§ **Instructions to follow**: What is needed is an exact copy of the data below, pictures excluded.

§ **Collected data**:
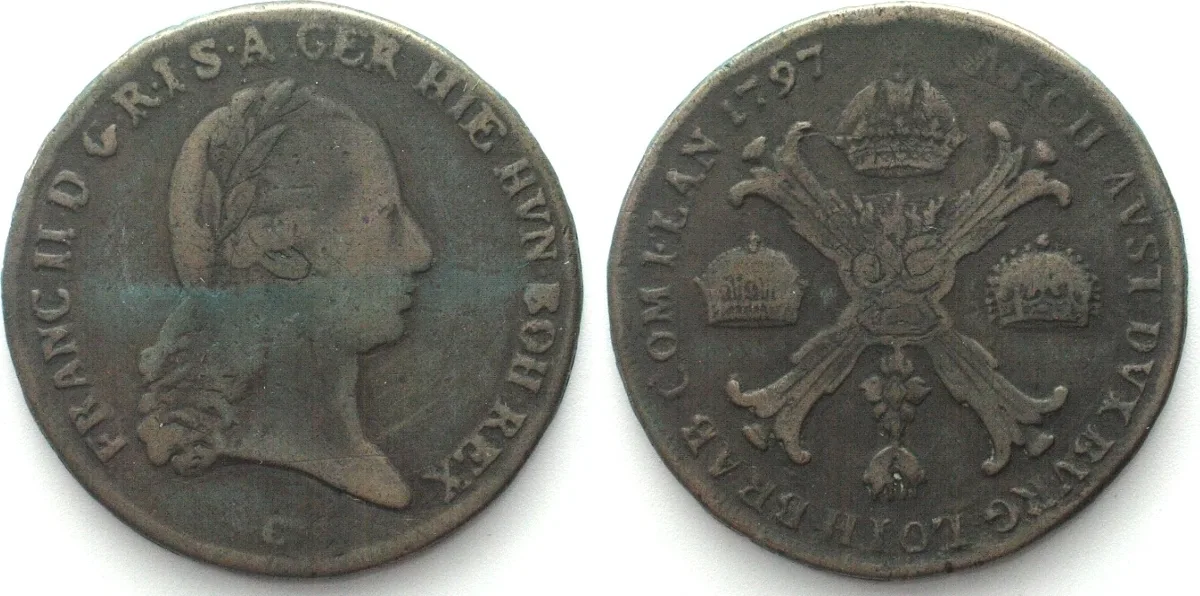 1797 AUSTRIAN NL Kronenthaler 1797 C Prague FRANCIS II contemporary counterfeit VF+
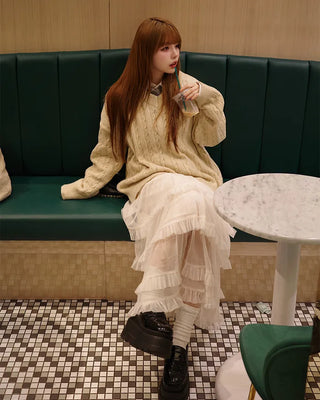 Chiffon tiered long skirt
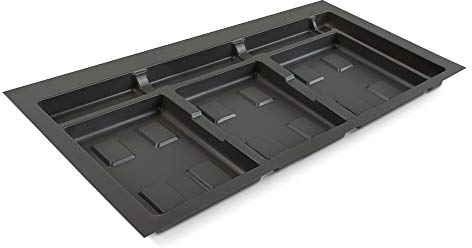 Emuca - Base Recycle para contenedores de cajón cocina, 3 huecos, Base módulo 90cm (836x482mm), Plástico gris antracita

§ **Solved exercise**:
 1797 AUSTRIAN NL Kronenthaler 1797 C Prague FRANCIS II contemporary counterfeit VF+
 Chiffon tiered long skirt
 Emuca - Base Recycle para contenedores de cajón cocina, 3 huecos, Base módulo 90cm (836x482mm), Plástico gris antracita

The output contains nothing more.